=== Begin Enclosure ===

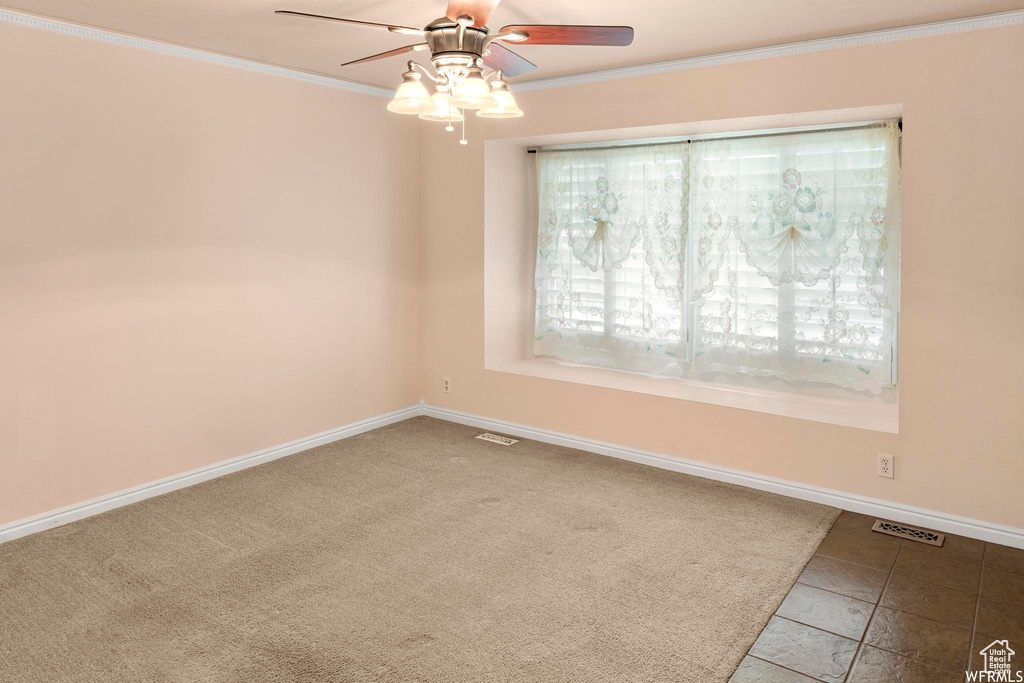 Unfurnished room with crown molding, ceiling fan, and baseboards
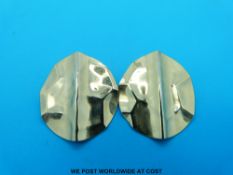 A pair of yellow metal earrings in a circular shape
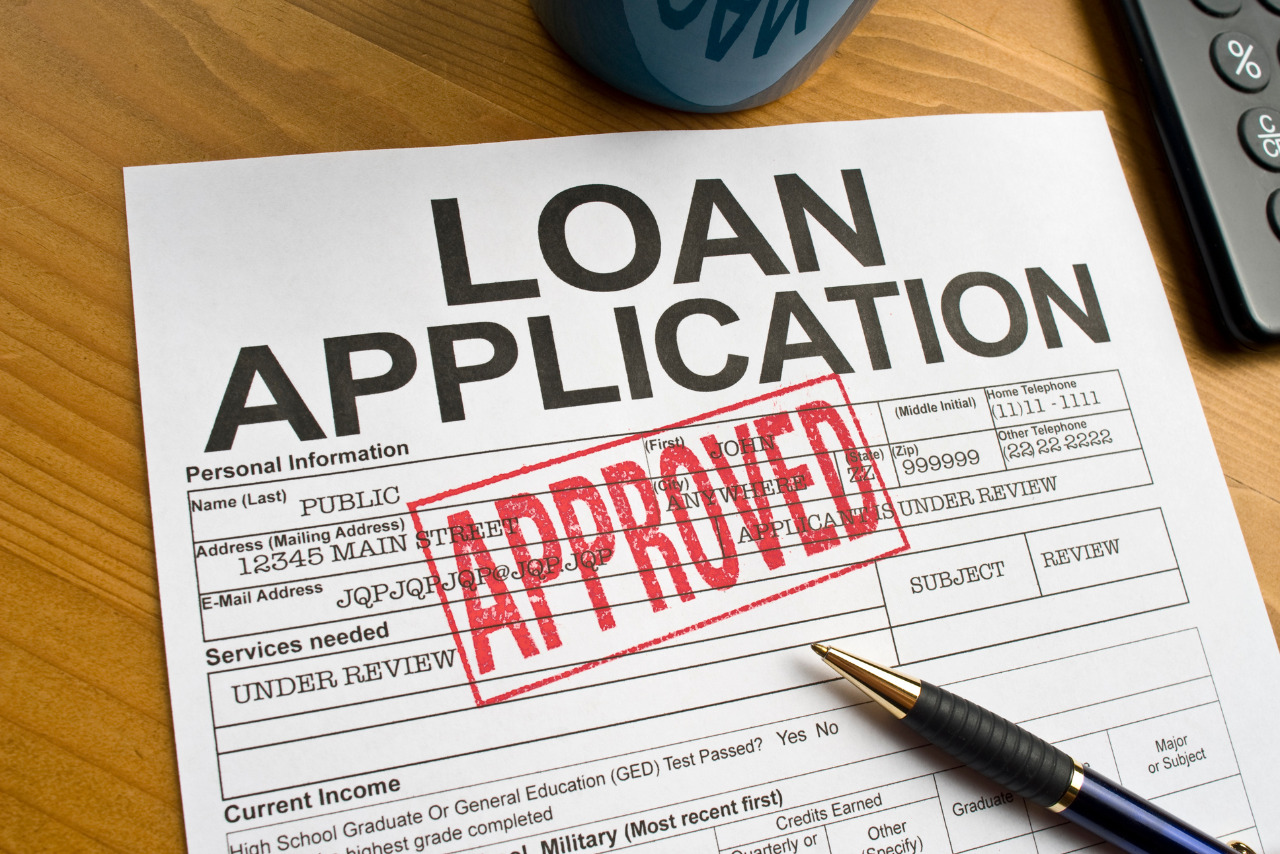 Approved loan paper on desktop table.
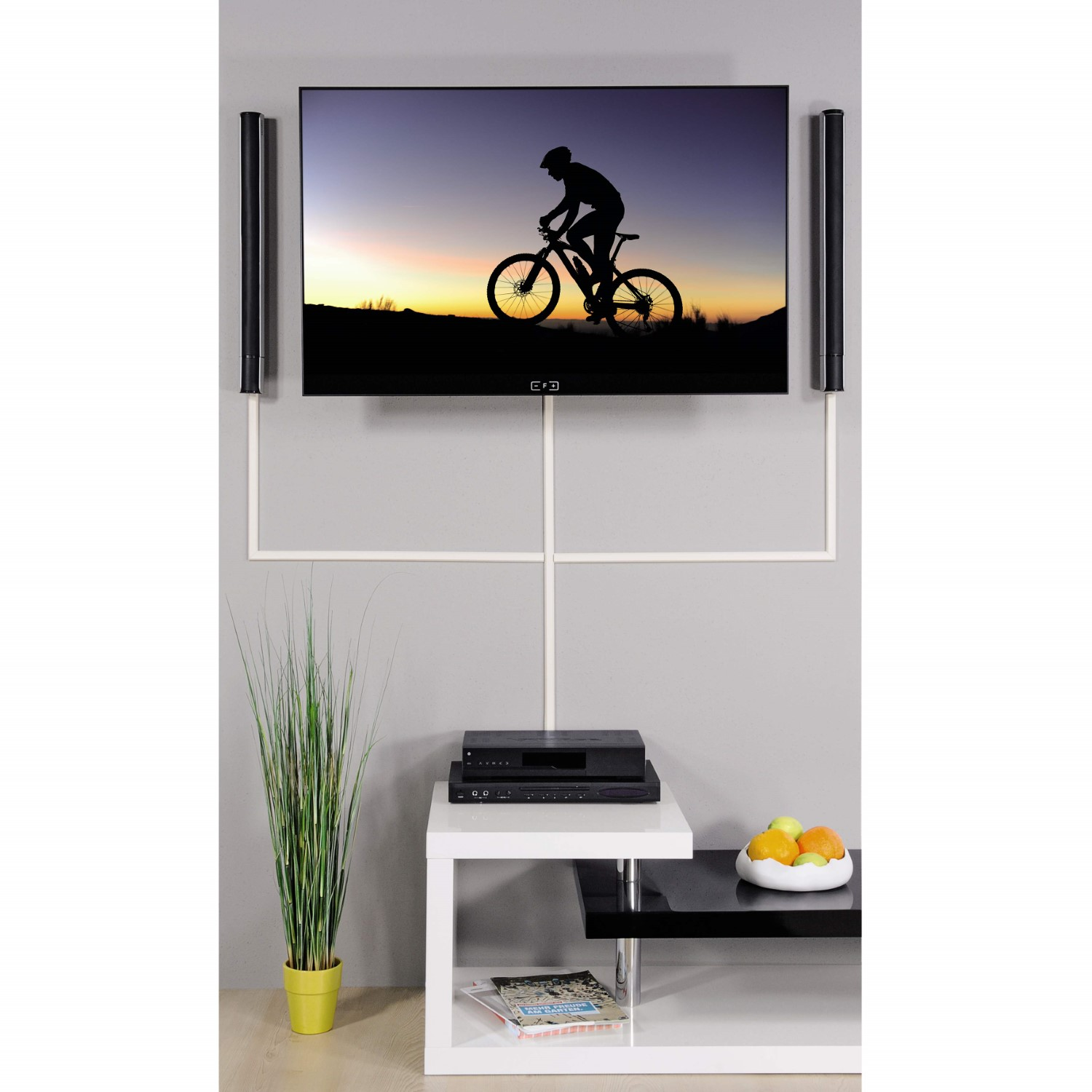 Wandfernseher mit Fahrradmotiv, Lautsprechern, Kabelkanal und TV-Möbel mit Pflanze und Obst.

=== End Enclosure ===

Your answer must be an exact copy of the listing, with every picture omitted.

Solution to the problem:
 Unfurnished room with crown molding, ceiling fan, and baseboards
 A pair of yellow metal earrings in a circular shape
 Approved loan paper on desktop table.
 Wandfernseher mit Fahrradmotiv, Lautsprechern, Kabelkanal und TV-Möbel mit Pflanze und Obst.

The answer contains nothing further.